Justices to consider marathon bomber’s fate
WASHINGTON — The Biden administration will try to persuade the Supreme Court this week to reinstate the death penalty for convicted Boston Marathon bomber Dzhokhar Tsarnaev by arguing that a jury had no need to examine evidence that the government itself relied on at an earlier phase of the case.
Tsarnaev’s guilt in the deaths of three people in the shocking bombing near the finish line of the marathon in 2013 is not at issue in the case the justices will hear Wednesday — just whether he should be sentenced to life in prison, or death.
Nor is the court likely to ponder the administration’s aggressive pursuit of a capital sentence for Tsarnaev even as it has halted federal executions and President Joe Biden has called for an end to the federal death penalty.
Instead, the main focus will be on evidence that Tsarnaev’s lawyers wanted the jury to hear that supported their argument that his older brother, Tamerlan, was the mastermind of the attack and that the impressionable younger brother was somehow less responsible. The evidence implicated Tamerlan Tsarnaev in a triple killing in the Boston suburb of Waltham on the 10th anniversary of the Sept. 11, 2001, terrorist attacks.
The federal appeals court in Boston ruled last year that the trial judge made a mistake in excluding the evidence and threw out Tsarnaev’s death sentence. There’s a second issue in the case: whether the trial judge did enough to question jurors about their exposure to extensive news coverage of the bombing.
The Trump administration, which carried out 13 executions in its last six months, quickly appealed. When the new administration didn’t indicate any change of view, the court agreed to review the case.
Tsarnaev’s lawyers have never contested that he and his brother set off the two bombs on April 15, 2013 near the marathon finish line.
Lingzi Lu, a 23-year-old Boston University graduate student from China; Krystle Campbell, a 29-year-old restaurant manager from Medford; and 8-year-old Martin Richard, who had gone to watch the marathon with his family, were killed. More than 260 people were injured.
During a four-day manhunt for the bombers, Massachusetts Institute of Technology police officer Sean Collier was shot dead in his car. Boston police officer Dennis Simmonds also died a year after he was wounded in a confrontation with the bombers.

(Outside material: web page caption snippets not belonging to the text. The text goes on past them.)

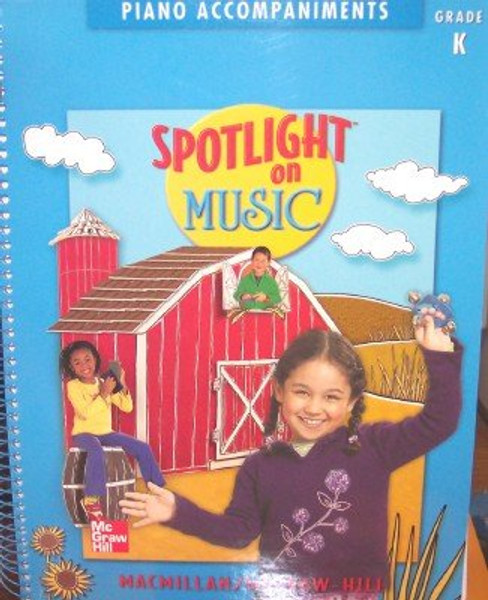 SPOTLIGHT ON MUSIC: Piano Accompaniments, Grade Kindergarten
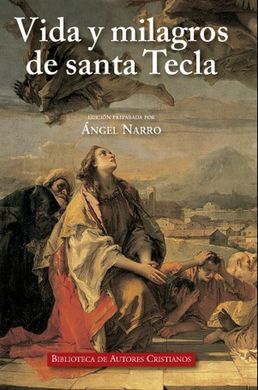 VIDA Y MILAGROS DE SANTA TECLA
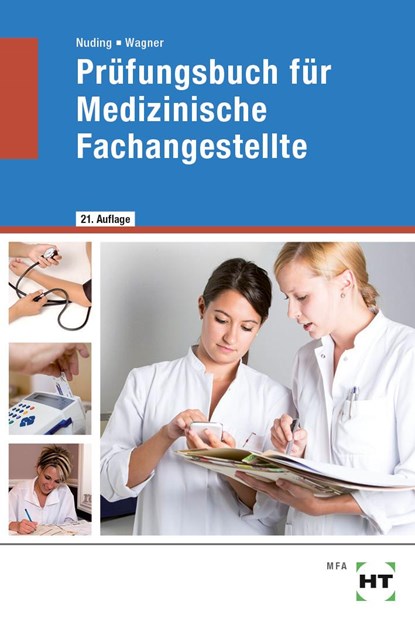 Prüfungsbuch für Medizinische Fachangestellte, Helmut Nuding ; Margit Wagner - Paperback - 9783582558671
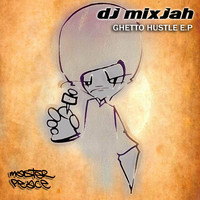 DJ Mixjah - Ghetto Hustle EP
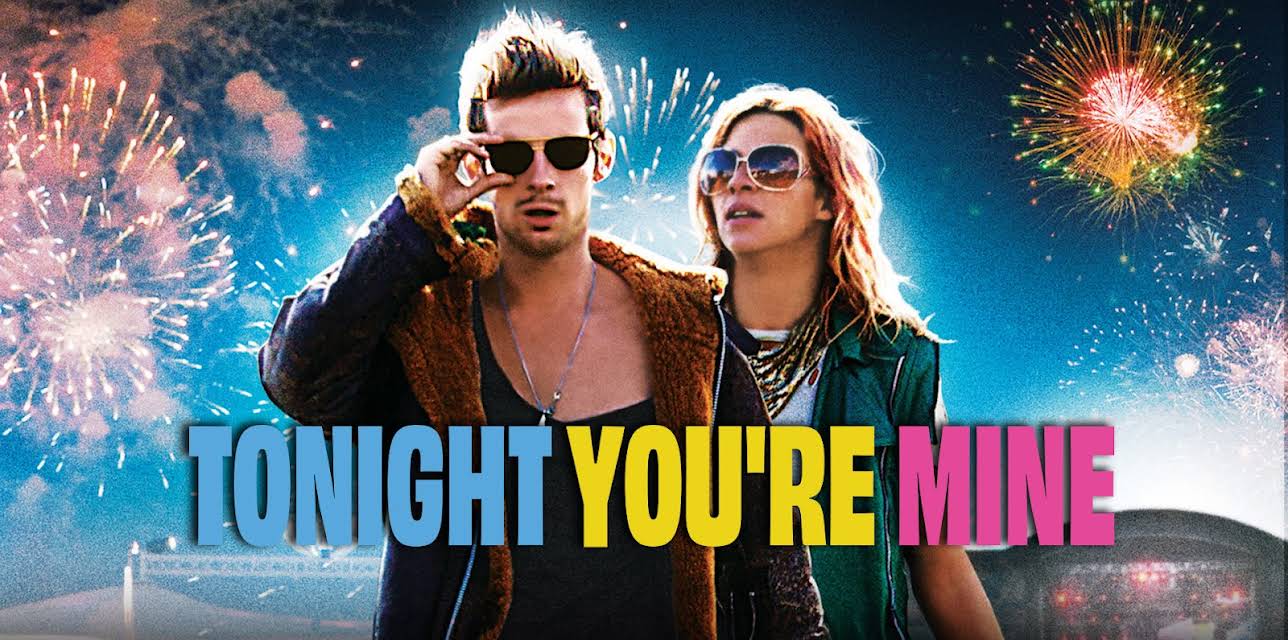 Tonight You're Mine (2012)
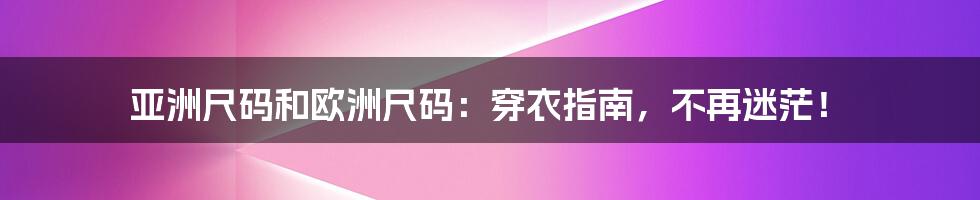 亚洲尺码和欧洲尺码：穿衣指南，不再迷茫！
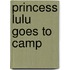 Princess Lulu Goes to Camp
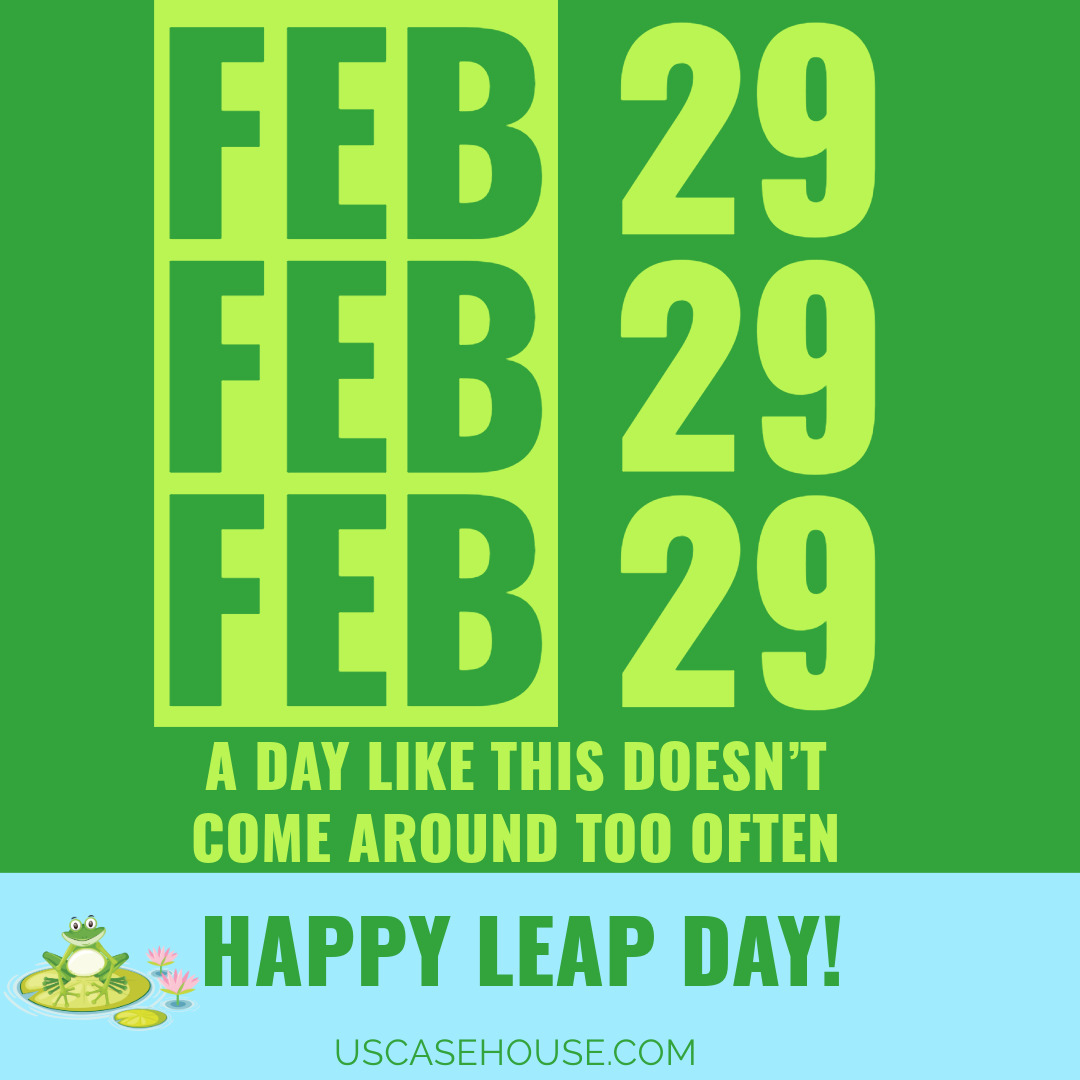 February 29, a day like this doesn't come around too often. Happy Leap Day from US Casehouse.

Police captured Dzhokhar Tsarnaev in the Boston suburb of Watertown, where he was hiding in a boat parked in a backyard, hours after his brother died. Tamerlan Tsarnaev, 26, had been in a gunfight with police and was run over by his brother as he fled.
Tsarnaev, now 28, was convicted of all 30 charges against him, including conspiracy and use of a weapon of mass destruction and the killing of Collier during the Tsarnaev brothers’ getaway attempt. The appeals court upheld all but a few of his convictions.
The 2011 killings, defense lawyers said, went to the heart of their argument that Tsarnaev was deeply influenced and radicalized by his revered brother, who already had shown a capacity for extreme violence. The younger sibling was less responsible for the marathon mayhem, they said.
For its part, the administration contends that it does not contest the older brother’s leadership role, and that defense lawyers were able to make that case. Still, the jury sentenced Tsarnaev to death, acting Solicitor General Brian Fletcher wrote.